Optimisation of the RAL Muon Front End Design
“Progress” from my last BENE talk (May’04) until now.

Contents
The two new optimisations this summer
Partial progress in phase rotation
But some issues are limiting the optimiser
Beginning to use the MARS code
Nearly ready to break away from 2.2GeV
What to do with 3MW of protons?
You can’t just ignore them (so some ideas)
Some news from Oxford particle physics

Disclaimer
This talk is a collection of unrelated pieces and must in no way be interpreted as a cohesive body of research fit for any particular purpose!

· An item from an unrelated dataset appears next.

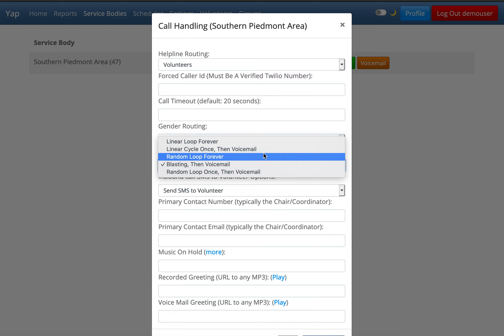Random loop forever. The random loop forever setting is just like linear loop forever, except the system will try to connect the caller to volunteers in random order. It will try to connect the caller until someone answers.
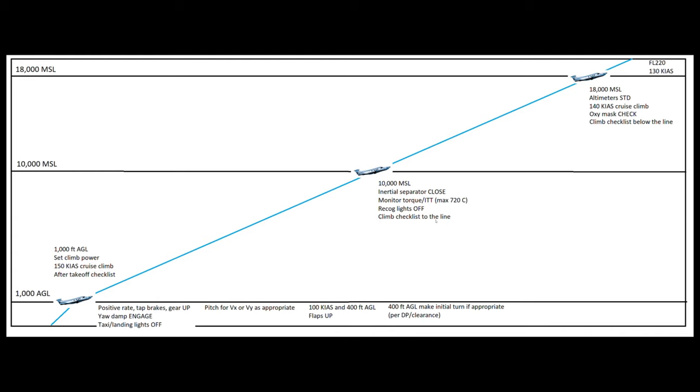And then we'll do the climb checklist to the line. And what that means is the climb checklist is actually separated with a literal horizontal line. And you're going to do the items that are above the line at 10,000 feet and save the items that are below the line until up here at 18,000 feet. So we're going to be checking things like the pressurization system. We want to make sure that the cabin is pressurizing, everything's working normally there, and just monitoring the climb power, the lights, that kind of thing.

ChicaneLinacB and PhaseRotB
Two new designs began optimisation in May
Decay channel – Chicane – Linac (400MeV)
Decay channel – Phase rotation (180±23MeV)
The second of these allows a cooling ring

PhaseRotB
In this lattice, we had some success
Grahame’s original gets 1.695%
Optimised version gets 2.277% (34% higher)
These are m+/p+ so 1.64, 2.20 ×10-3m+/p.GeV
This is obtained by varying drift lengths, solenoid fields, radii and lengths, RF phases and voltages, the rod Z position, rod angle and numbers of cells.  *

PhaseRotB ‘optimal’ design
Drifts (not very exciting)
All drifts in both sections remained near the minimum length (0.5m), apart from:
Decay channel D2 which is 0.55m, possibly for matching
Phase rotation drifts PD1, PD2 which are 0.834m and 0.618m
PD1 includes last chicane drift
RF cavities are within these “drifts”

PhaseRotB ‘optimal’ design

PhaseRotB ‘optimal’ design

PhaseRotB ‘optimal’ design
RF cavities
Optimiser increased their number from 30 to 40 (the maximum)
Required to rotate the drifted muons into an energy window of 180±23 MeV
We needn’t expect the optimiser to make them any more ‘regular’ than necessary to get as many as possible into that window

PhaseRotB ‘optimal’ design

PhaseRotB output phase space
Original design:

PhaseRotB output phase space
Grahame’s linearly-designed lattice seems to accelerate the particles slightly too much in the Muon1 simulation
This could be due to the particles arriving at the RF cavities late because of path-length effects
“Spherical aberration”
Note that Muon1 does RF phasing relative to the on-axis particle

PhaseRotB output phase space
New design:

ChicaneLinacB
The optimisation of the chicane design has not yet generated anything better than the baseline (although the baseline was not given as input data)

Barriers to optimisation
With yields so low (~1-2%), there is a lot of noise in the figure of merit
One simulation has ~20k particles to start with, becoming ~60k with multiple decays and emission delays
At 1% this gives 600 out, s=24.3
At 2% this gives 1200 out, s=34.3
Could even be a factor of sqrt(3) larger

Barriers to optimisation
This produces difficulty for an optimiser when occasional +3s results get read
However, the optimisation has definitely been progressing regardless of this
I.e. the ‘improvement’ is not just noise on the same result
This is because noise on the same result would cause successive record scores at geometrically increasing times

Barriers to optimisation
But we see quite regular progress!

Barriers to optimisation
This doesn’t mean that the optimiser hasn’t been hampered by the noise
Perhaps the ‘flattening’ of the curve and subsequent slow convergence are signs

Sources of stochastic noise
Some things are controlled by the RNG:
The 20k pions of the initial rod dataset
Rotations of these pions about the axis
Random delays of this dataset to simulate 1ns RMS incoming proton pulse *
Decays of pions and muons *
* These are weighted, so they each happen 3x in the current simulations.  Old simulations had the decay 10x and no delays.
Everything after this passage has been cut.